I think most of us wrestle with this at some point: we want to be able to reach out and touch what we believe in. And when we can’t touch it, or see it, it can be hard at times to maintain faith. This is especially difficult during times of trial. In the context of current events, when we look at the atrocity in Las Vegas, when we see people suffering in Puerto Rico for want of basic human needs, when we see hatred tearing people apart in our country, it can be hard to believe that Guardian Angels are overlooking all those people, every step of the way.
In these times we must fall back on the words Scripture provides on faith in things we cannot see or touch. In Hebrews we are told “Now faith is the substance of things hoped for, the evidence of things not seen.” And, again in Jesus’ words to Thomas: “Have you believed because you have seen me? Blessed are those who have not seen and yet have come to believe.”
It is useful also to remember the role the angels played in our Scripture readings. We have a kitschy, hackneyed view from popular culture of angels sweeping aside any harm that might befall us. Of course, when this doesn’t happen in real life, we may become discouraged. We may ask ‘Where was my angel?’ or ‘Do angels exist at all?'” We have to remember that this popular view of angels is not what is given to us in Scripture.
Angels, as given to us in Scripture, are God’s messengers and our spiritual guides — but the path on which they guide us is not guaranteed to be safe or easy. The angel God sent before the Israelites was there to guide them. But they still had to gird their loins, and go about the hard, dangerous task of moving into the Promised Land. They had to get to their feet, and get to work. The angel released the apostles, and later Peter, from prison. But they weren’t released into safety and ease. They were released to carry God’s word into a world where they would face difficulty, danger and death. They were released to do God’s work.

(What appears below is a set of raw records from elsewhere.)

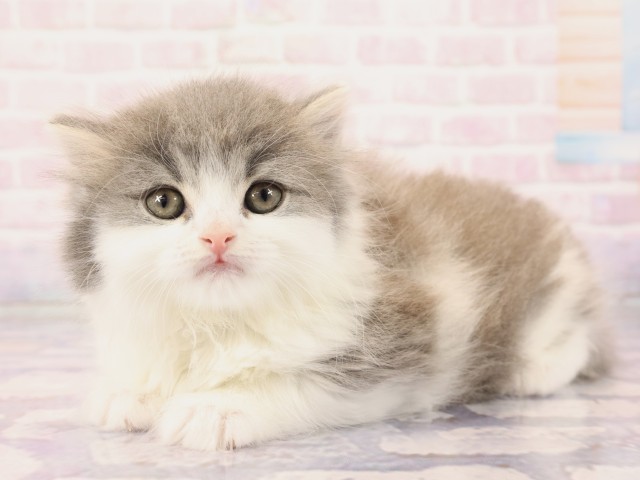 広島県のスコティッシュフォールド (Coo&RIKU福山店/2026年2月25日生まれ/男の子/ブルータビーホワイト)の子猫の3枚目の画像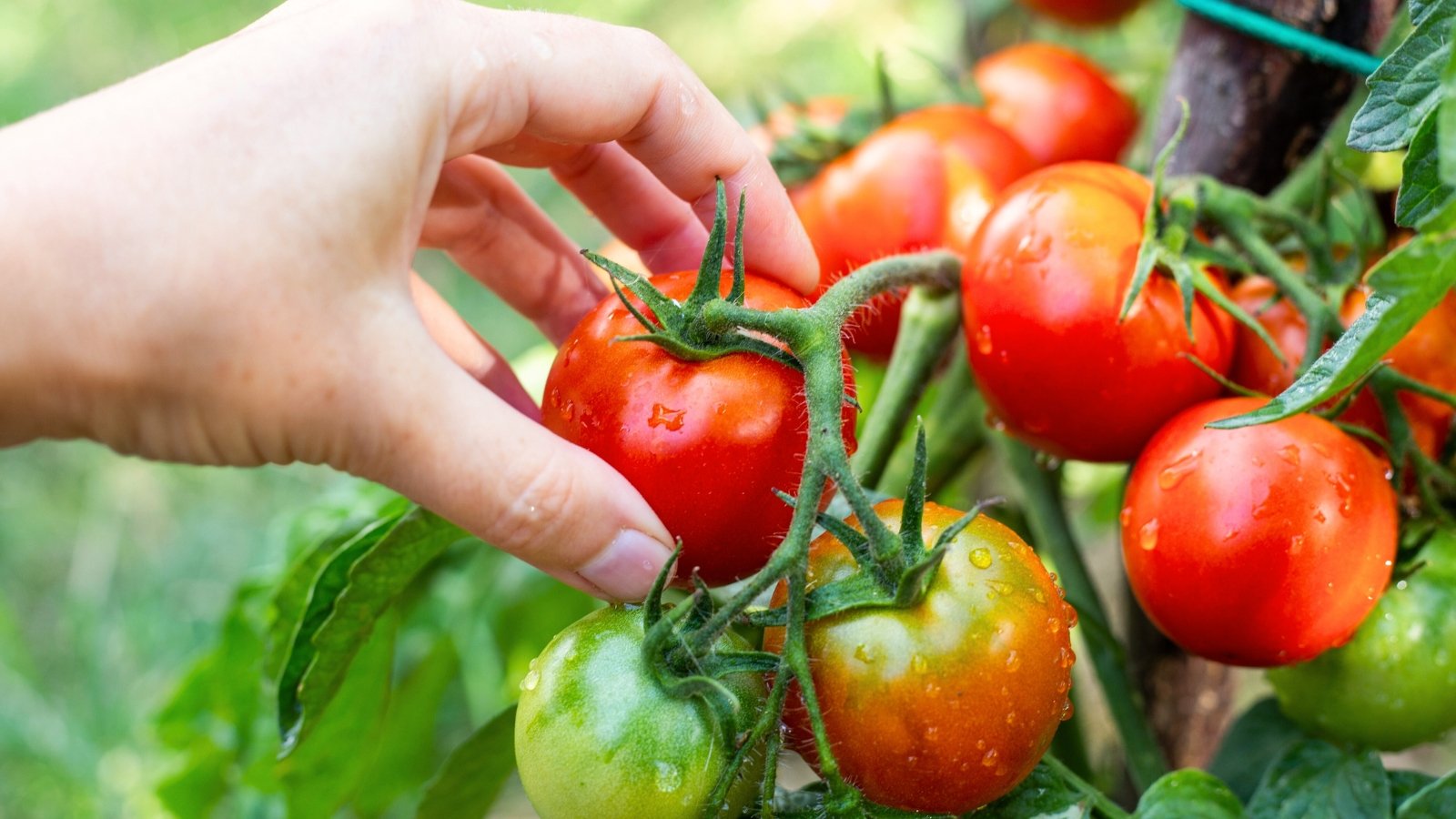 Close-up of a woman's hand picking a ripe, bright red, round tomato from a garden bed.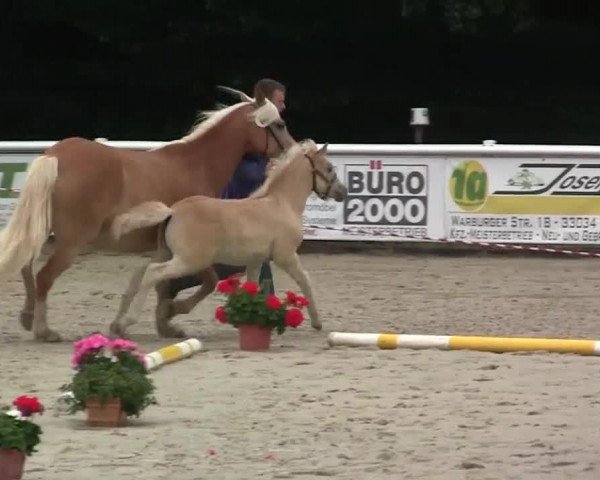 dressage horse Hengst von Sternstunde (Westphalian, 2014, from Sternstunde)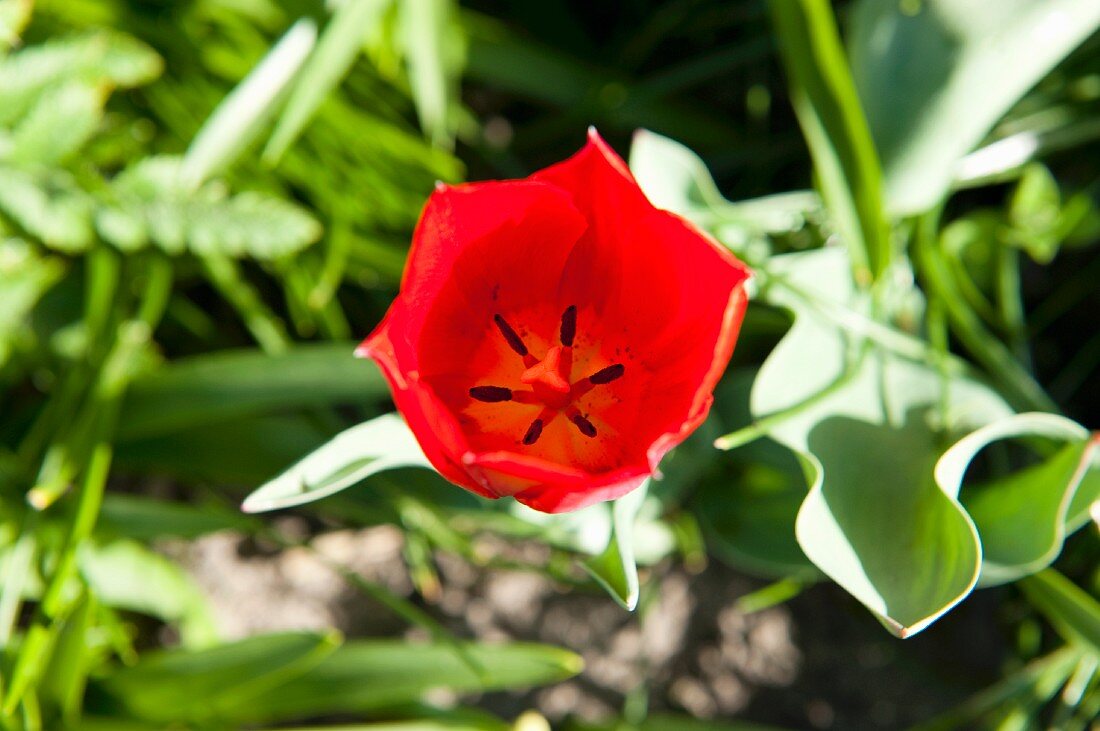 Rote Tulpe im Garten (Nahaufnahme)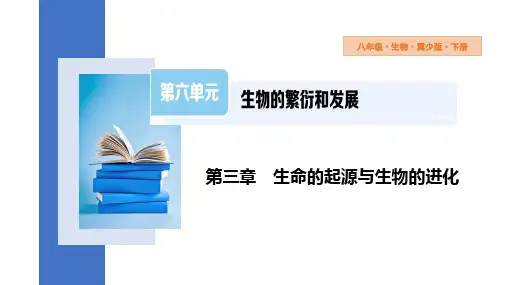 现代生物技术课件(共24张PPT)初中生物冀少版八年级下册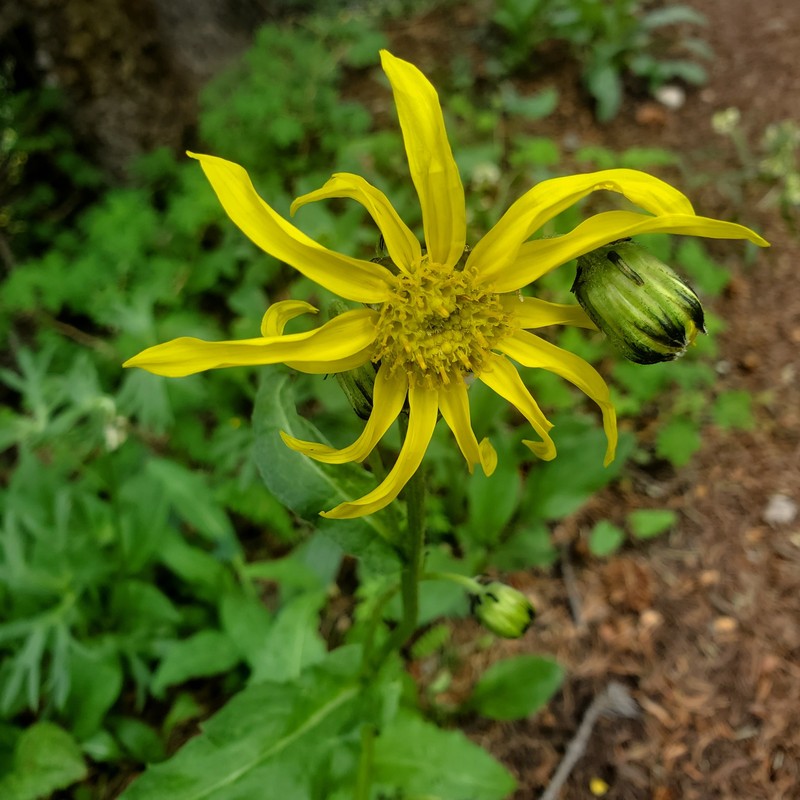 Senecio amplectens var. amplectens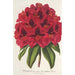 Rhododendron Duc Adolphe de Nassau - Charles Antoine Lemaire — weergave van het kunstwerk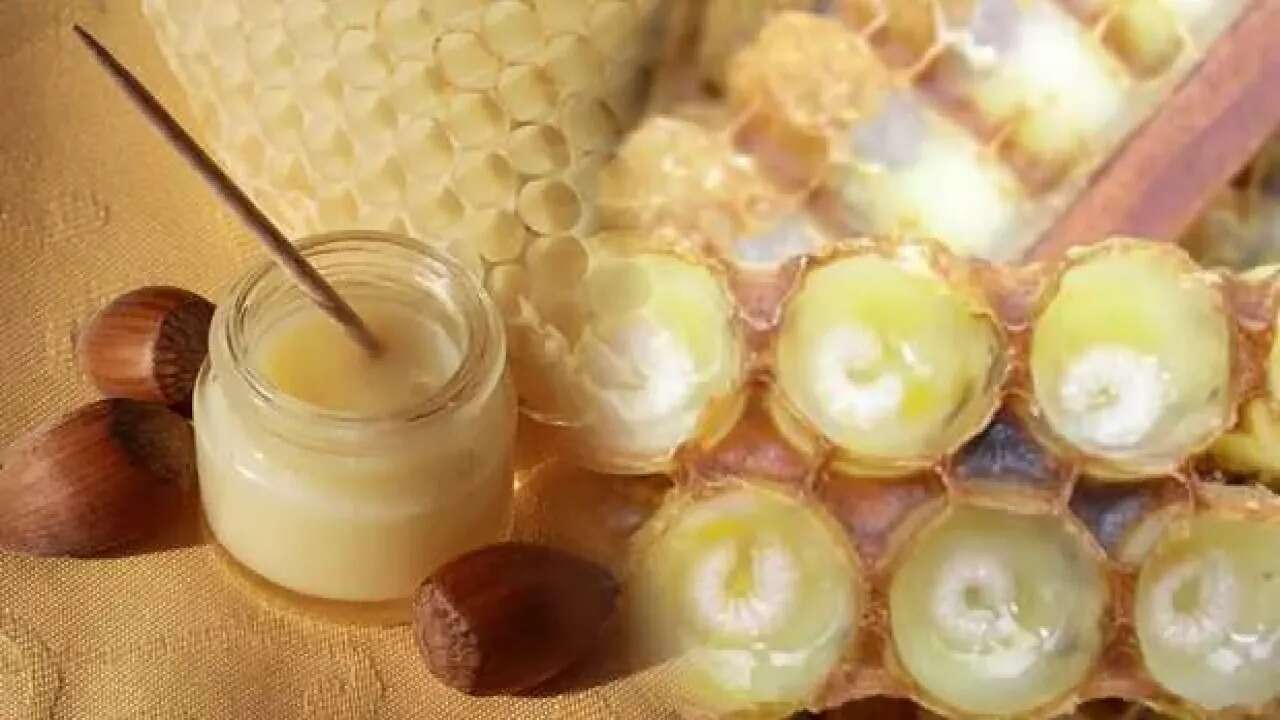 سعر غذاء ملكات النحل في تركيا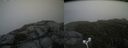 ./images/calvert/buxton2/20170902/buxton220170902_170444M.jpg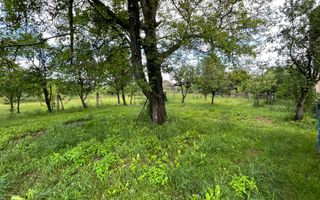 Casa de vanzare 230 mp utili + teren 1000 mp, Luna de Sus, Cluj! - Poză 20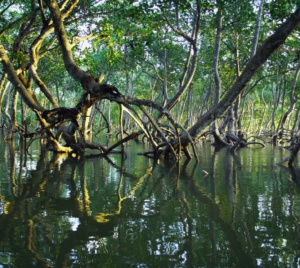 mangrove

Jesus promised us this work would be hard. He did not promise ease. He did not promise safety. He called us to take up our cross, and follow him. Our angels are not there to carry that cross — that is our work. The Holy Guardian Angels are there as our ever-present reminders of God’s love, God’s grace, and the promise that the world we have yet to see will prevail over the darkness of this world.
Guardian Angels are not here to remove our God-given free will, or that of others who may choose to misuse their free will. The angels are with us to guide us in spirit, but like the Israelites of old, the task remains to us to get to our feet, and get to work. When we see our world gripped by fear, hatred and violence, it is our task to open our hearts and our ears, to listen to the message of God’s peace and love carried and reassured to us by our Guardian Angels. And then, with that message in our hearts and the angels at our side, we must get to work.
We must get to work transforming this world in God’s image. We must get to work creating a world of more peace, justice and love. With the angels at our side, we must get to work. Amen.